**DATASET EXCERPT**
Content starts

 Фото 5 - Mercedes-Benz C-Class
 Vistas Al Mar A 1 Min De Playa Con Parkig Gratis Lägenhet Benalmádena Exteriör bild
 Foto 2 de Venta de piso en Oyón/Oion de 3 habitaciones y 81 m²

Content ends

**REQUIRED ACTION**
Transcribe, without alteration, the line that contains "Vistas Al Mar" together with all lines after it in the listing above.

**REPLY**
 Vistas Al Mar A 1 Min De Playa Con Parkig Gratis Lägenhet Benalmádena Exteriör bild
 Foto 2 de Venta de piso en Oyón/Oion de 3 habitaciones y 81 m²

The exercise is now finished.